According to the Business Group’s 2020 Large Employers’ Leave Strategy and Transformation Survey, almost four in ten (39%) respondents expanded paid leave benefits in 2019, 38 percent are making changes this year and 35 percent are considering by 2022. More specifically:
- Thirty percent of employers added new leave programs in 2019. Additionally, 24% are planning to add programs this year (with 18% considering new programs in 2021/2022).
- Twenty-four percent of employers increased the duration of leave available last year. Additionally, 23% plan to increase the duration of leave this year (with 23% considering doing in 2021/2022).
- Twelve percent of employers expanded eligibility for leave benefits last year. Additionally, 8% plan to expand eligibility this year (with 15% considering doing so in 2021/2022).
“Leave benefits, especially for new parents and working caregivers, are highly valued by employees and address a growing area of need. Employers are evaluating, and in many cases, expanding these and other benefits to help meet those needs,” said Brian Marcotte.

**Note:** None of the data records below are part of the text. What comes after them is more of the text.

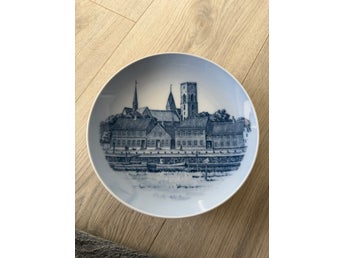 Royal Copenhagen Ribe Domkirke Vægplade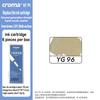 Croma 160/24 Color Replaceable Ink Refill Liquid Soft Tip Acrylic Marker Non Toxic Waterproof School Office Supplies Stationery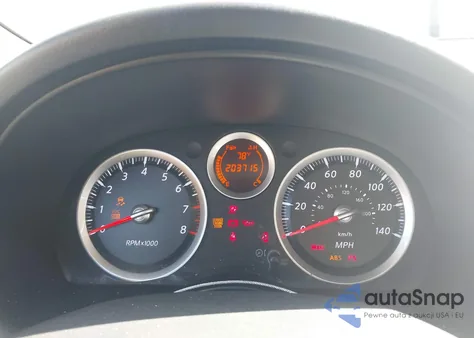 2011 Nissan Sentra 2.0Sr from USA, damaged, VIN 3N1AB6AP4BL636216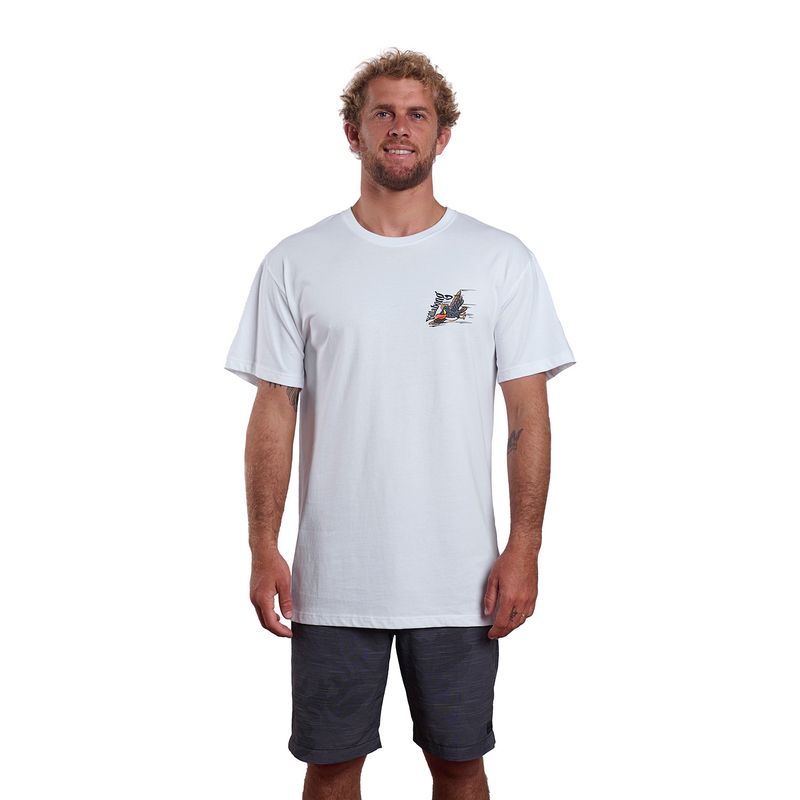 Polo-Para-Hombre--Early-Bird-I-Blanco-Billabong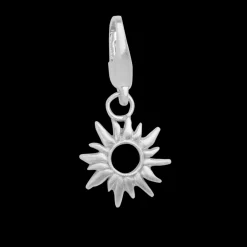 byBiehl - Sun wild vedhæng i sterling sølv, 15mm - 7-4802-r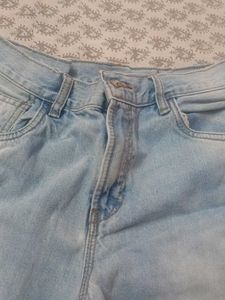 Light Wash Denim Jeans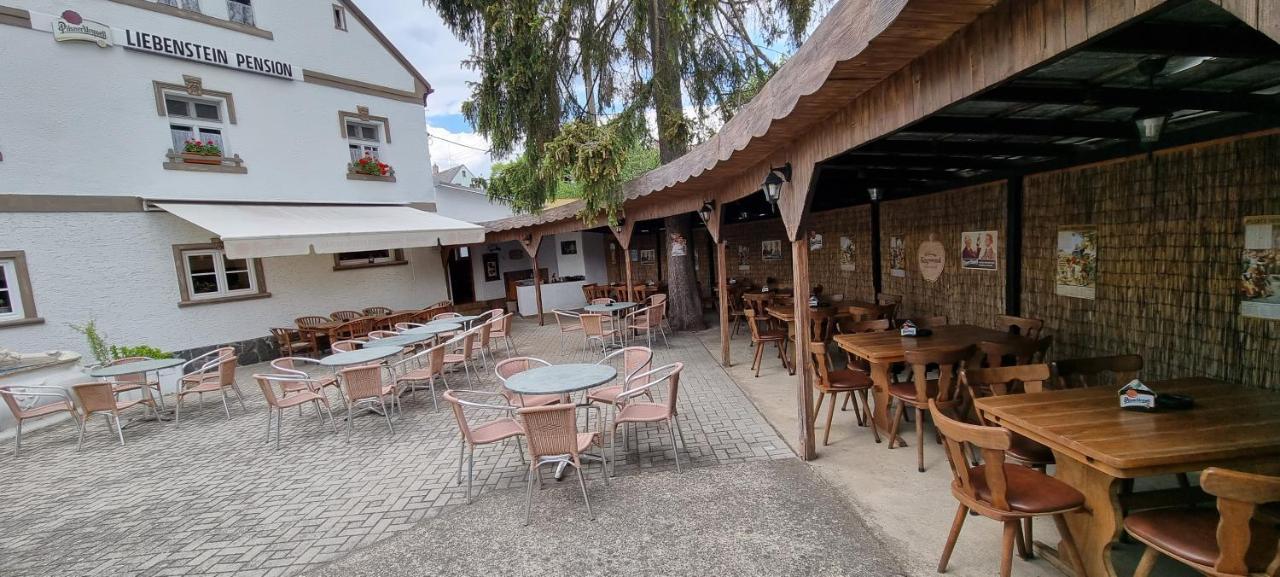 Restaurant & Pension Liebenstein Libá 외부 사진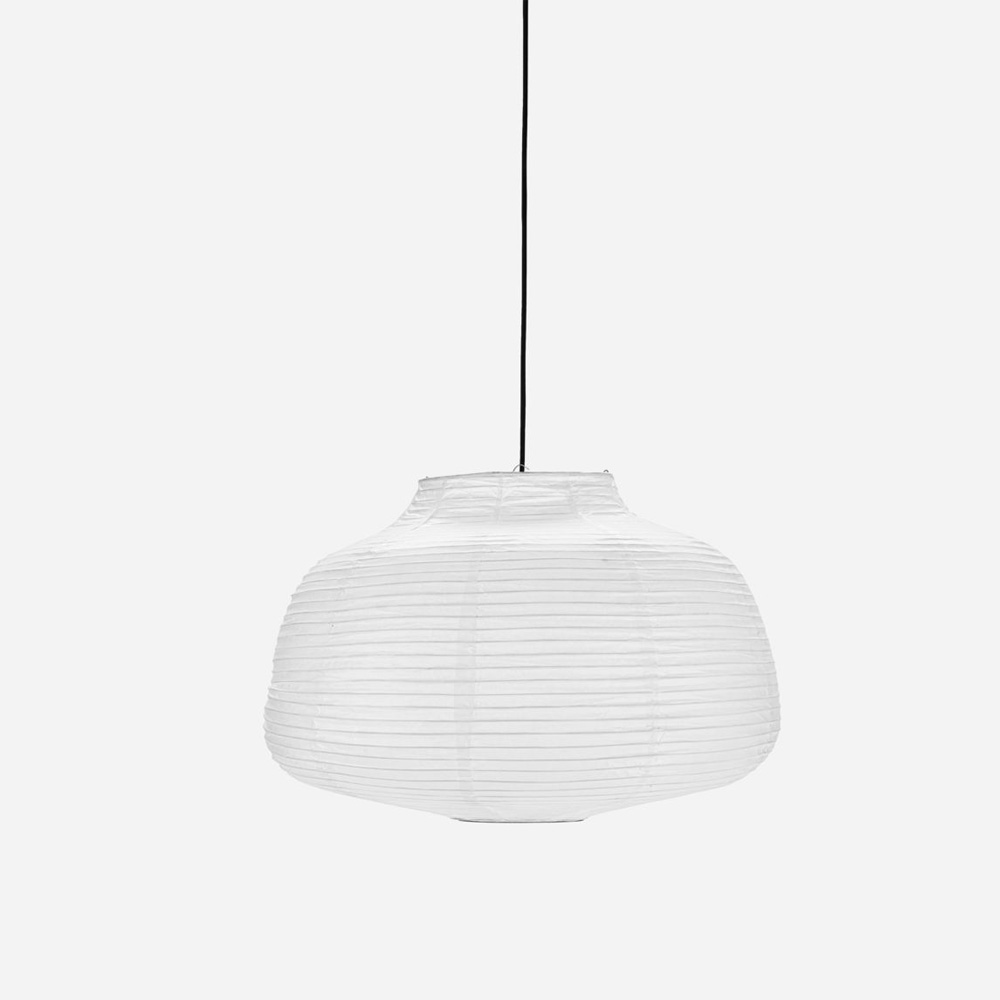 Rica Lampskärm 38 cm Vit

More employers embracing caregiver, expanding bereavement leave. Employer interest in supporting employees with caregiving responsibilities is growing. Over a third of respondents (35%) offer caregiver leave benefits and another 28 percent are considering it by 2022. Interestingly, many employers have gone beyond leave to care for a spouse, child or parent to also cover others that employees may have caregiving responsibilities for: 46 percent cover siblings, 46 percent cover parents of spouse/partner and 38 percent cover grandparents.

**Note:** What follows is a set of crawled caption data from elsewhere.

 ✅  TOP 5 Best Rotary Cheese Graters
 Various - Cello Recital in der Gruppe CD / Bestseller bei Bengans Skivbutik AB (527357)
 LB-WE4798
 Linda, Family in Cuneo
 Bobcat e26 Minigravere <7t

The survey also noted that employers understand the importance of being there for employees when they most need support. In fact, all respondents in the survey offer bereavement leave. On average, employers offer six days of bereavement leave, with some providing up to 20 days.
“We expect large employers to continue expanding leave benefits in the coming years, and not just for parents and caregivers. In fact, employers are looking to volunteer leave, bereavement leave, military leave, mental health days, and summer Fridays off. Employers see their roles changing and want to support employees during the times they need it most,” said LuAnn Heinen, vice president, Business Group on Health.